**What is needed:**
Beginning at the line that contains "Le Cuerda Horizontal" and ending at the last line of the records below, retype each line exactly and add nothing.
*** Opening Available data ***
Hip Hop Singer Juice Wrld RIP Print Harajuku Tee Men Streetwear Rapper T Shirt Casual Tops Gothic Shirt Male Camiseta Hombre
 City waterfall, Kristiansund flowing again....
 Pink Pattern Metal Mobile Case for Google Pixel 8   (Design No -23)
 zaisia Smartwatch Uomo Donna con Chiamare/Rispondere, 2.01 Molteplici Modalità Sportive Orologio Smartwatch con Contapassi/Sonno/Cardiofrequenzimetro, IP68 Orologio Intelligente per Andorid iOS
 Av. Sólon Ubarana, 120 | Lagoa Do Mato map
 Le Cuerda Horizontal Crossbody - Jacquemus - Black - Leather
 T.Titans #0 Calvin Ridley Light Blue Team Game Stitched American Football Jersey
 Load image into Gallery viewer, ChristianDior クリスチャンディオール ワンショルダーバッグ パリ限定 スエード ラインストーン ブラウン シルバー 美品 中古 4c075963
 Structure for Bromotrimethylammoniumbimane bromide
*** Closing Available data ***
**Answer to the problem:**
 Le Cuerda Horizontal Crossbody - Jacquemus - Black - Leather
 T.Titans #0 Calvin Ridley Light Blue Team Game Stitched American Football Jersey
 Load image into Gallery viewer, ChristianDior クリスチャンディオール ワンショルダーバッグ パリ限定 スエード ラインストーン ブラウン シルバー 美品 中古 4c075963
 Structure for Bromotrimethylammoniumbimane bromide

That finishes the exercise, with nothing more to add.